United States District Court, E.D. Michigan, Southern District
Nov 7, 2006
Criminal Action No. 00-CR-80042, Civil Action No. 06-CV-12628 (E.D. Mich. Nov. 7, 2006)

Opinion

Criminal Action No. 00-CR-80042, Civil Action No. 06-CV-12628.

November 7, 2006


OPINION AND ORDER DENYING DEFENDANT'S MOTION UNDER 28 U.S.C. § 2255


This matter is presently before the Court on Defendant's motion under 28 U.S.C. § 2255 to vacate, set aside, or correct the sentence. The Government has not responded to Defendant's motion. Pursuant to Rule 8(a) of the Rules Governing Section 2255 Proceedings, the Court shall decide this motion without an evidentiary hearing.

I. PROCEDURAL BACKGROUND

In a two-count indictment, James Hicks ("Defendant") was charged with one count of felon in possession of a firearm and one count of felon in possession of ammunition, under 18 U.S.C. 922(g)(1). On April 3, 2003, pursuant to a Rule 11 plea agreement, Defendant plead guilty to the first count of the indictment. Under the plea agreement, the Government dismissed the second count of the indictment in exchange for Defendant's guilty plea on the first count. The plea agreement capped the custodial sentence at 63 months and the applicable fine at $100,000. Furthermore, Defendant agreed to serve between two to three years of supervised release following his incarceration, to pay the $100 special assessment fee, and to waive his right to appeal if the court imposes a sentence equal to or less than 63 months.

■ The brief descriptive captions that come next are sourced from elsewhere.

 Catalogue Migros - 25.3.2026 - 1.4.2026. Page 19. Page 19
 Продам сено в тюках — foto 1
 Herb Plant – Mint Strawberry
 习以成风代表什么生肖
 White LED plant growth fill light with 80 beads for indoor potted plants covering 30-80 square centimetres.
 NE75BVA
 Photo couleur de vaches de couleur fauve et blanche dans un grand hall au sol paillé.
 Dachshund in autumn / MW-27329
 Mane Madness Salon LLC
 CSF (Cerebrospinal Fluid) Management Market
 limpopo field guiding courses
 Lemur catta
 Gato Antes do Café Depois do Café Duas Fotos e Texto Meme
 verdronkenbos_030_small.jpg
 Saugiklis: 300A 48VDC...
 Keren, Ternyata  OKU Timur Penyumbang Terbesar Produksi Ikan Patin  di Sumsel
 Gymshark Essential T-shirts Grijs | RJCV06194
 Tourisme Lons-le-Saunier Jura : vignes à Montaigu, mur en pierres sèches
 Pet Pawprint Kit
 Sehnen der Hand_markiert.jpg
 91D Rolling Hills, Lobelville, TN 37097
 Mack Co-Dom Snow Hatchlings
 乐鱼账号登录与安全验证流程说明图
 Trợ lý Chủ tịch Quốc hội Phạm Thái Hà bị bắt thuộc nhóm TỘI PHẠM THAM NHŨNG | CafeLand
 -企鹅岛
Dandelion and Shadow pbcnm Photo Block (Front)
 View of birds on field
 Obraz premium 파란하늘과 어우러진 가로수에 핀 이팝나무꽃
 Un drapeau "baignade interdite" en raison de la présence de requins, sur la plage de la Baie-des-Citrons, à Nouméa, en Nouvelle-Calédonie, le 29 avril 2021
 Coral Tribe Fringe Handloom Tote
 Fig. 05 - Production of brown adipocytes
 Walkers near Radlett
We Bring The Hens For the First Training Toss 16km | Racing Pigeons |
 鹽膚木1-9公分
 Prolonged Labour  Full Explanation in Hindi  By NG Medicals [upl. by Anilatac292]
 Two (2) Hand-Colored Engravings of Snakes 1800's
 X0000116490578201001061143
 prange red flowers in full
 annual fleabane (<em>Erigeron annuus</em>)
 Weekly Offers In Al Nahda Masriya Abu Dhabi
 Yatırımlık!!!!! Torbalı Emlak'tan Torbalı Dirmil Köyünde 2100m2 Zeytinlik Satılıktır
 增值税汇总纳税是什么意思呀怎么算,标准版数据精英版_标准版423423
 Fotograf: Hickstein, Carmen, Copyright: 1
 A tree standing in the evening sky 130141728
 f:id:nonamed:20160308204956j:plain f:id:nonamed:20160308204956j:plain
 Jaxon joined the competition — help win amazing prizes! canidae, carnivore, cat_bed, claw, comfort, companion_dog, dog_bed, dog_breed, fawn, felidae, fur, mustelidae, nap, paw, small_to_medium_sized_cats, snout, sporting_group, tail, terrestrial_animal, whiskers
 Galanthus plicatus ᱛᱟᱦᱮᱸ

On October 14, 2003, the Court imposed a 63-month term of imprisonment and a two-year term of supervised release. Two days later, Defendant appealed the judgment, claiming that the Court did not recognize it had the authority to downwardly depart from the then-mandatory sentencing guideline range, and that this violated his Fifth and Sixth Amendment rights. The Sixth Circuit dismissed Defendant's appeal, on the grounds that the appellate-waiver language of the Rule 11 plea agreement barred any challenge to the sentence. On June 14, 2006, Defendant filed a Section 2255 motion to vacate his sentence.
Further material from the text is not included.